*What the exercise asks*
Of the lines below, write out exactly those from the line with "Cho thuê căn" through the line with "Building Photo - 1370 Killarney Beach Rd", both included, and skip the rest.
** Opening Data under study block **
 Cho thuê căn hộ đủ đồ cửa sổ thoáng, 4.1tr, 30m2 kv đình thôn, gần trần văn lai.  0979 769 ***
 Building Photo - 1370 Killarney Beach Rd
** Closing Data under study block **
** Opening Data under study block **
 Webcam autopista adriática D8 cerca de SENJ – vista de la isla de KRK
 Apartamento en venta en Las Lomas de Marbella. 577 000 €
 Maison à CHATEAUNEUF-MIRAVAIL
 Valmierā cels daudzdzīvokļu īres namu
** Closing Data under study block **
*Solved problem*
 Cho thuê căn hộ đủ đồ cửa sổ thoáng, 4.1tr, 30m2 kv đình thôn, gần trần văn lai.  0979 769 ***
 Building Photo - 1370 Killarney Beach Rd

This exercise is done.